Science relies on repeatable procedures. To make an assumption acceptable as a working hypothesis, one has to show that it is based on procedures that proved themselves reliable in previous cases, like e. g. the reconstructed sound laws that can be traced in thousands of words, including those not applied for formulation of these laws. The idea of a loan is involved when a word can't be explained from the sound system and word-formation patters of a certain language and at the same time has a tempting cognate in some other idiom, which is located in space, time and cultural universe in such a way that makes the borrowing possible.

If Urartian were spoken in a contiguous area with Common Germanic, or if there were words in intermediate languages derivable from the same source, or if there were several words in Germanic traceable to Urartian, the idea of a loan would have been acceptable. Meanwhile we have two words with not a single identical sound, coming from two languages with no demonstrable contact, so what to do with this? Miracles do happen and it may eventually turn out that this word comes from Urartian, yet the available evidence is simply not enough to tell anything.


----------



## Borin3

Amazing


----------



## CyrusSH

ahvalj said:


> This is how science works. We don't know for sure, for example, whether stars exist in reality or are just an illusion, yet the combined independent evidence from different sources makes us regard the astronomical scenario as the most consistent and fruitful. Likewise the Indo-European reconstructions explain many facts and yet seem to face no crucial counter-evidence or alternative explanations.
> 
> Science relies on repeatable procedures. To make an assumption acceptable as a working hypothesis, one has to show that it is based on procedures that proved themselves reliable in previous cases, like e. g. the reconstructed sound laws that can be traced in thousands of words, including those not applied for formulation of these laws. The idea of a loan is involved when a word can't be explained from the sound system and word-formation patters of a certain language and at the same time has a tempting cognate in some other idiom, which is located in space, time and cultural universe in such a way that makes the borrowing possible.
> 
> If Urartian were spoken in a contiguous area with Common Germanic, or if there were words in intermediate languages derivable from the same source, or if there were several words in Germanic traceable to Urartian, the idea of a loan would have been acceptable. Meanwhile we have two words with not a single identical sound, coming from two languages with no demonstrable contact, so what to do with this? Miracles do happen and it may eventually turn out that this word comes from Urartian, yet the available evidence is simply not enough to tell anything.

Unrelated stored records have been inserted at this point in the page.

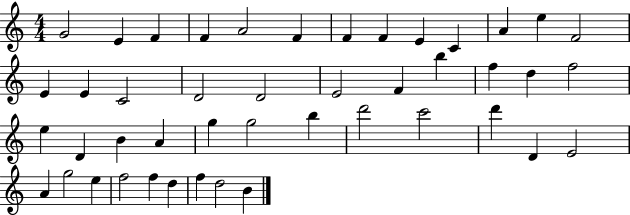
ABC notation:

X:1
T:Untitled
M:4/4
L:1/4
K:C
G2 E F F A2 F F F E C A e F2 E E C2 D2 D2 E2 F b f d f2 e D B A g g2 b d'2 c'2 d' D E2 A g2 e f2 f d f d2 B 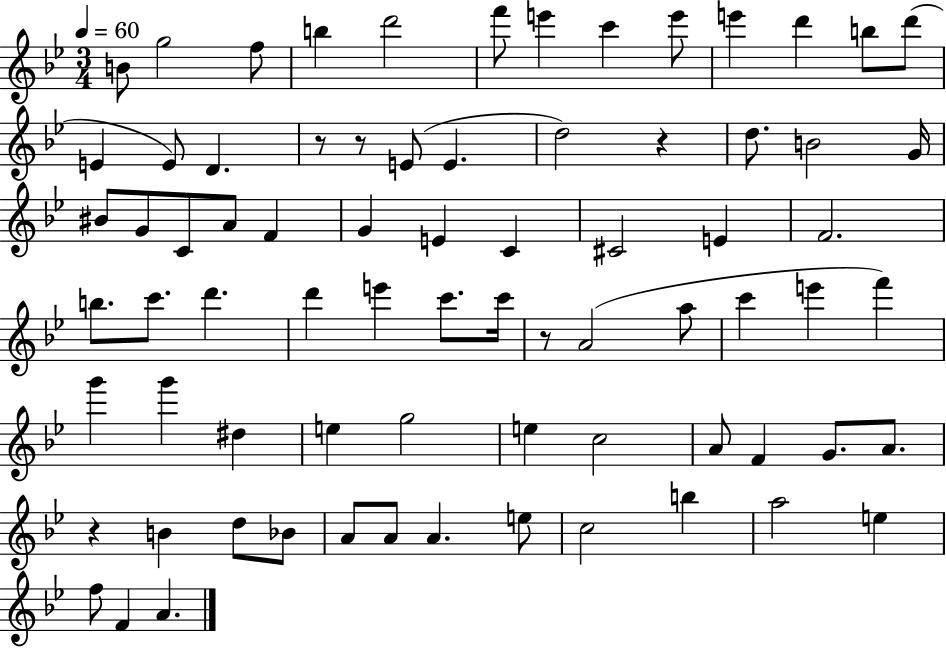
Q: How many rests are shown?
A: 5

When we want to discuss about something, first we should define our view about it, the oldest known Germanic language is Gothic which was spoken in the north of Black sea about the second century AD (Armenian and Urartians lived in the east of Black sea).

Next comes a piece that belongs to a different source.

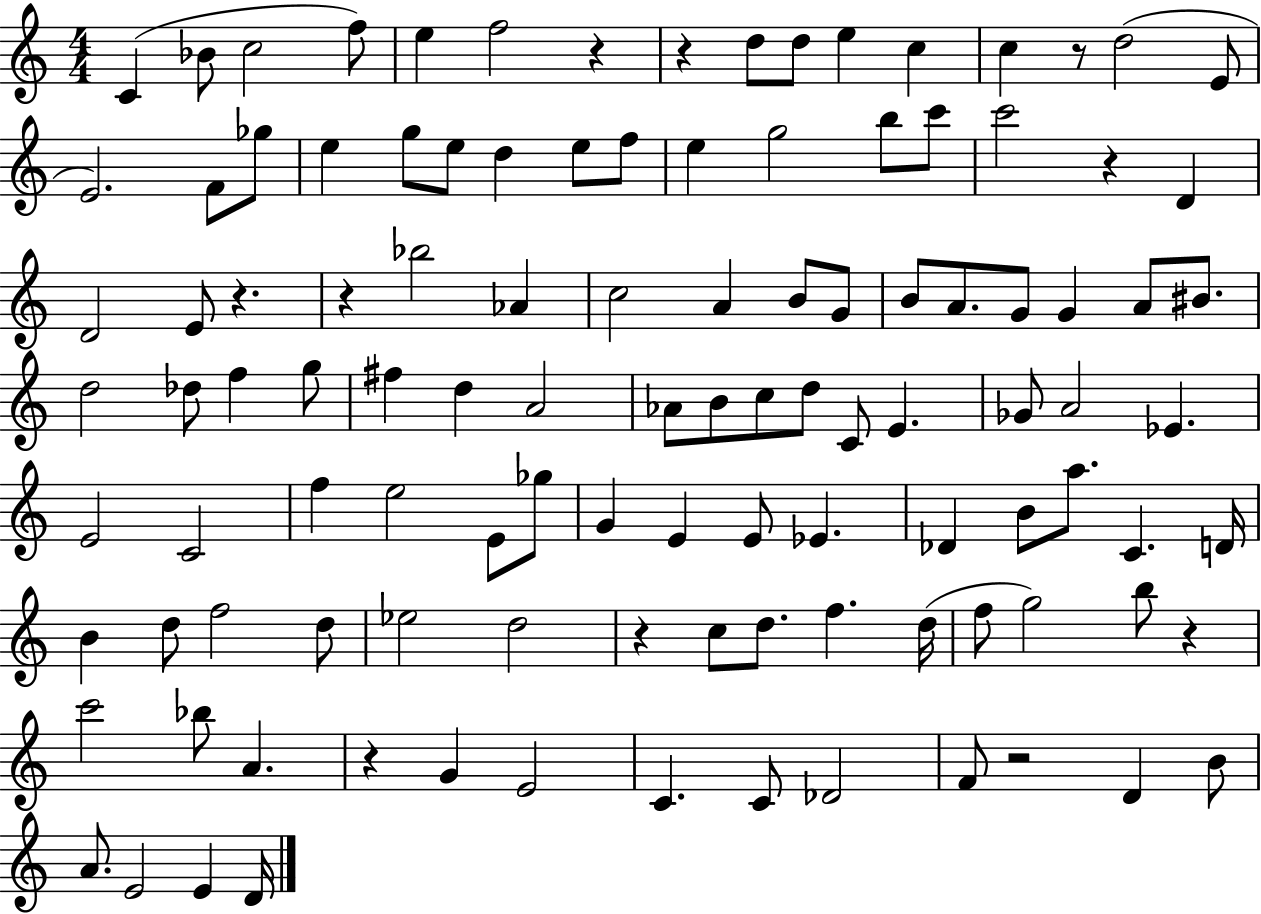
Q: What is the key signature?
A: C major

I believe the Germanic (or pre-Germanic) people migrated from the south to the north, if you believe the migration was from the north to the south, then as you mentioned about Urartian, there should be several words in Germanic traceable to Finno-Ugric, Baltic and other languages which were spoken in the north, but we see most of loanwords in Germanic are from Latin, Iranian, and other languages which were spoken in the south.


----------



## ahvalj

Languages borrow words from sources their speakers consider prestigious. In the last 1500 years German was spoken in areas contiguous to Slavic lands yet the amount of Slavic loans in the non-dialectal German speech is minimal: ten to twenty if I am not mistaken. Likewise, Russian, that is widespread in the former Baltic- and Finnic-speaking areas, has more or less the same amount of loans from these languages. English, spoken by descendants of the pre-Germanic population of Britain, has a negligible number of Celtic loans. Modern standard Swedish has virtually no Finnish loans.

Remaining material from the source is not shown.